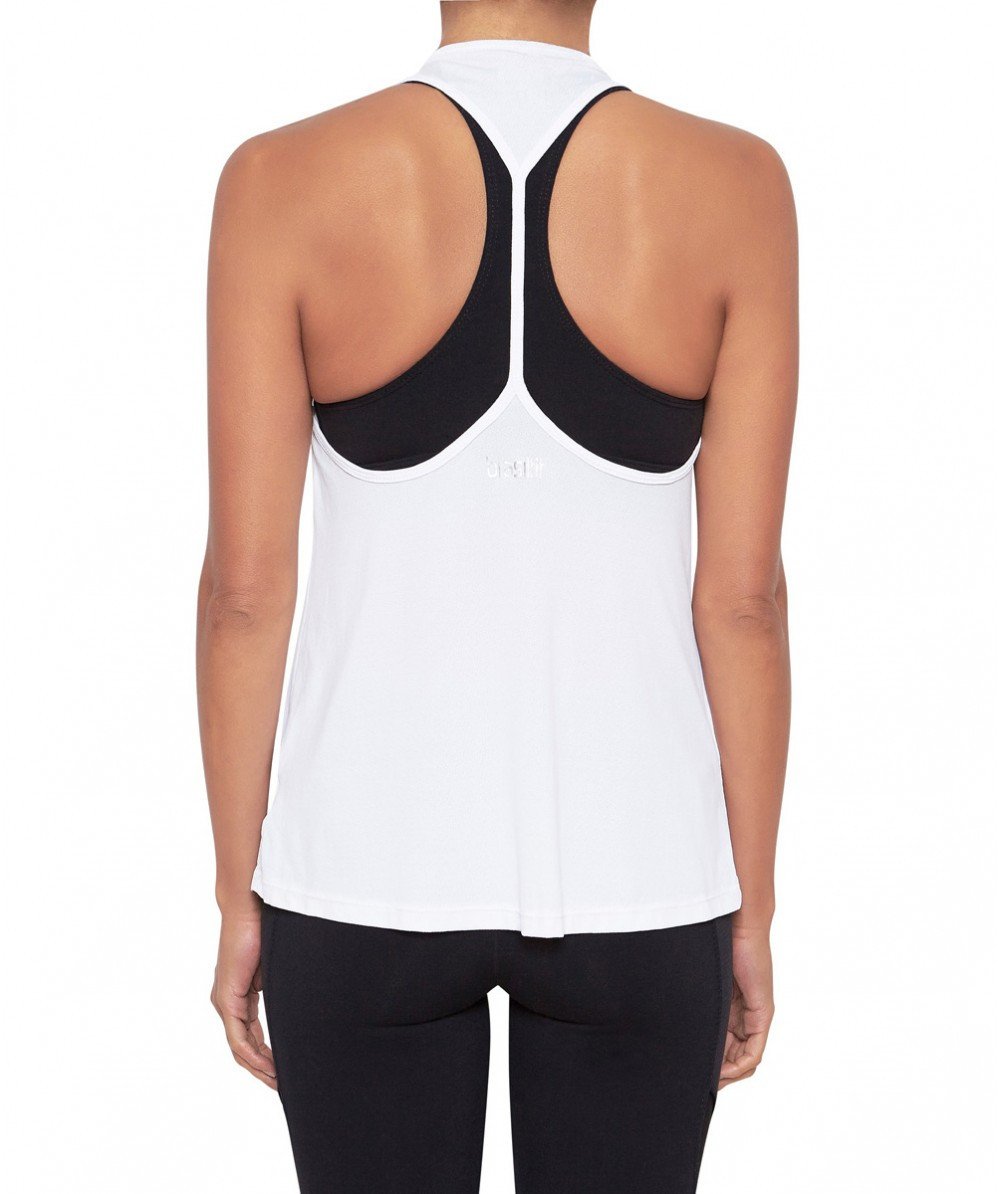 Front view product image with model for Brasilfit activewear W workout tank in white.  The W workout tank is part of our activewear collection that is focused on performance, high compression activewear.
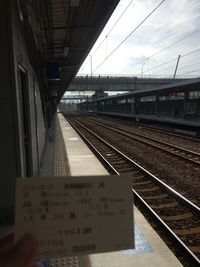 Train at railroad station against sky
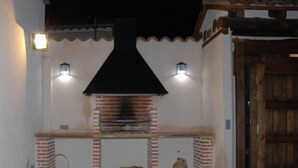 An outdoor brick oven with two wall-mounted lights, a rustic wooden door, and a small stone structure. - House Tradition Rural for 16-20 people (Nieva)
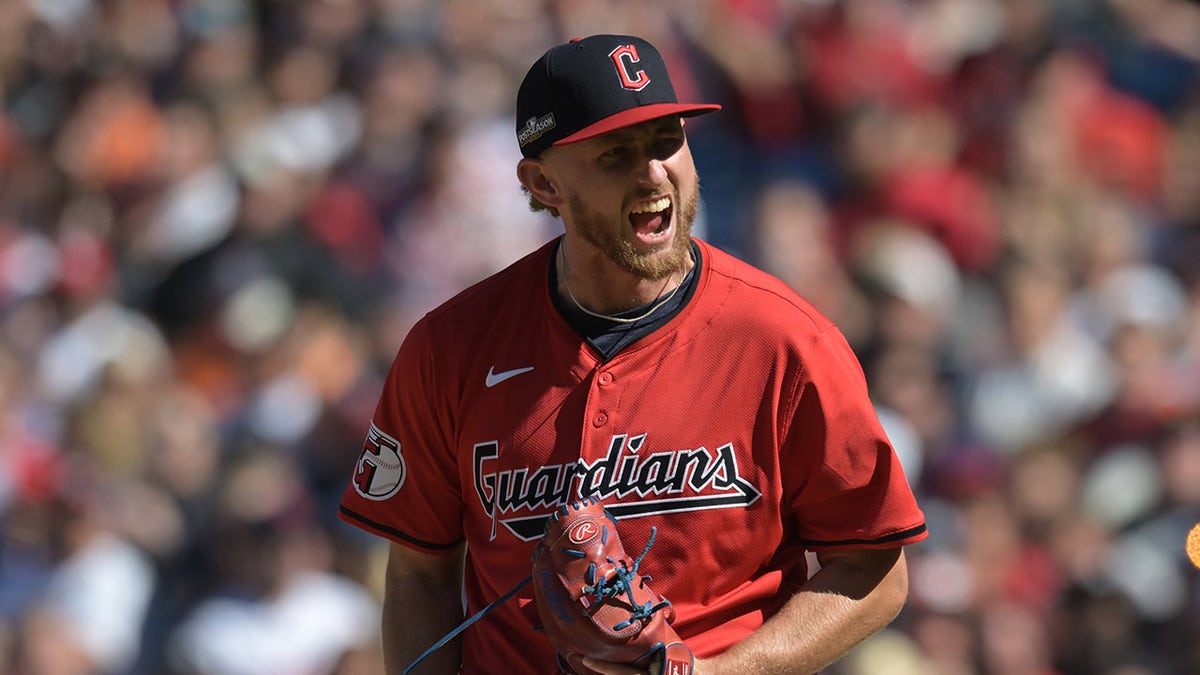 Cleveland Guardians pitcher Tanner Bibee reacting after a strikeout during a baseball game.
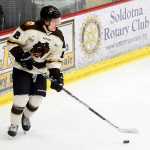 Photo by Rashah McChesney/Peninsula Clarion  Kenai River Brown Bears' Charles Spetz looks for an opening during a game against the Fairbanks Ice Dogs on Friday Dec. 4, 2015 in Soldotna, Alaska. The Ice Dogs beat the Brown Bears 4-1.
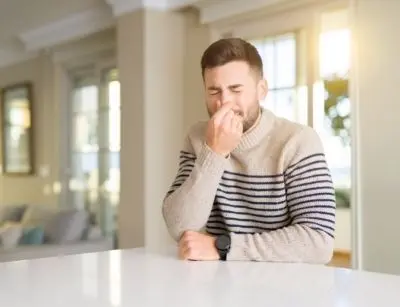 Man sitting indoors, grimacing and pinching his nose, indicating discomfort from musty odors in a humid home environment.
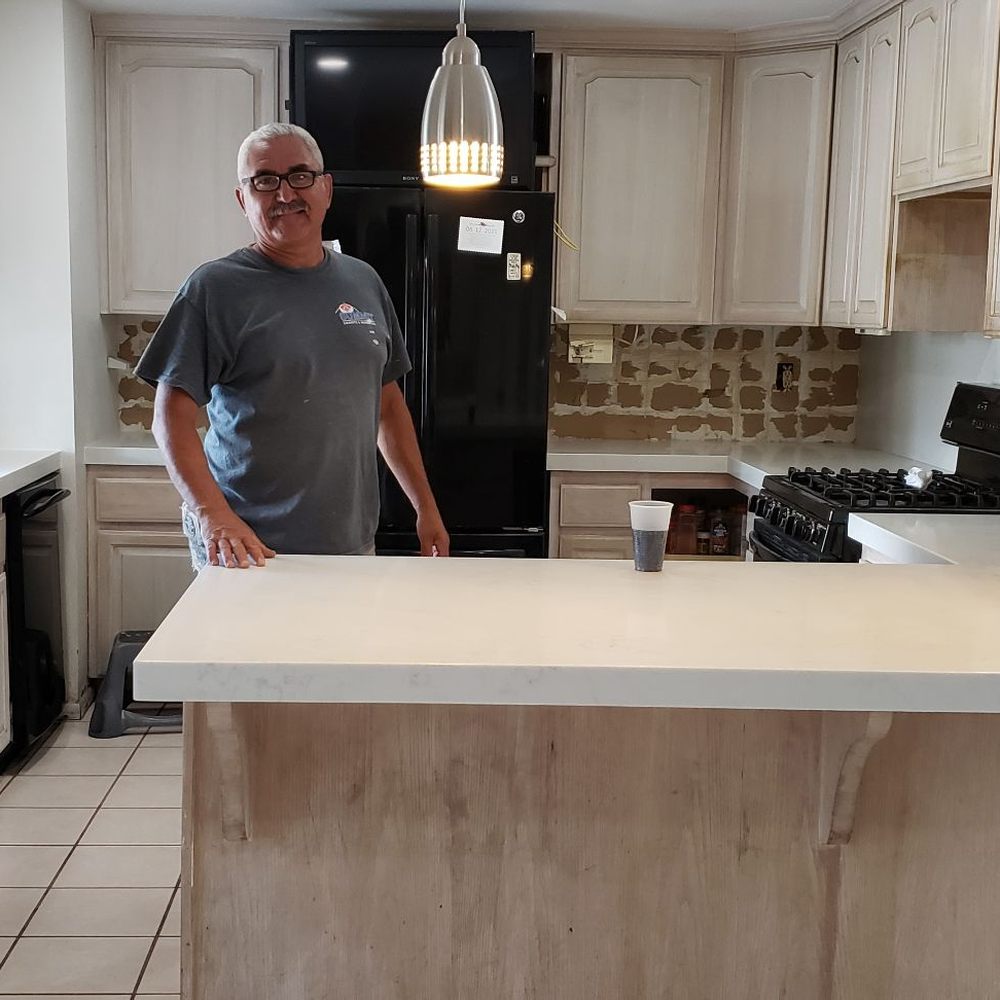 Summit Granite and Marble - Jaime after installing the counters and sink. - Countertop Installation Near Me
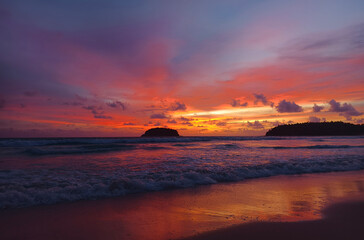 A stunning sunset is casting vibrant hues of color over a tranquil ocean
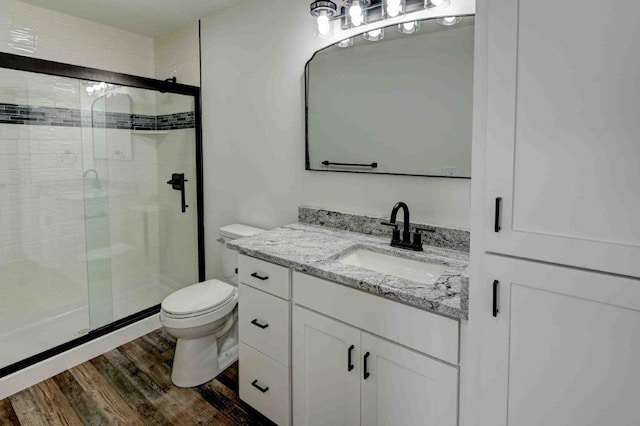 bathroom with vanity, toilet, hardwood / wood-style flooring, and an enclosed shower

• • • •

- [What is required]:
Lines from the one containing "An outdoor brick" through the end of the listing, both included, are to be restated exactly, and pictures are to be left out.

- [Task answer]:
 An outdoor brick oven with two wall-mounted lights, a rustic wooden door, and a small stone structure. - House Tradition Rural for 16-20 people (Nieva)
 Cleveland Guardians pitcher Tanner Bibee reacting after a strikeout during a baseball game.
 Photo by Rashah McChesney/Peninsula Clarion  Kenai River Brown Bears' Charles Spetz looks for an opening during a game against the Fairbanks Ice Dogs on Friday Dec. 4, 2015 in Soldotna, Alaska. The Ice Dogs beat the Brown Bears 4-1.
 Man sitting indoors, grimacing and pinching his nose, indicating discomfort from musty odors in a humid home environment.
 Summit Granite and Marble - Jaime after installing the counters and sink. - Countertop Installation Near Me
 A stunning sunset is casting vibrant hues of color over a tranquil ocean
 bathroom with vanity, toilet, hardwood / wood-style flooring, and an enclosed shower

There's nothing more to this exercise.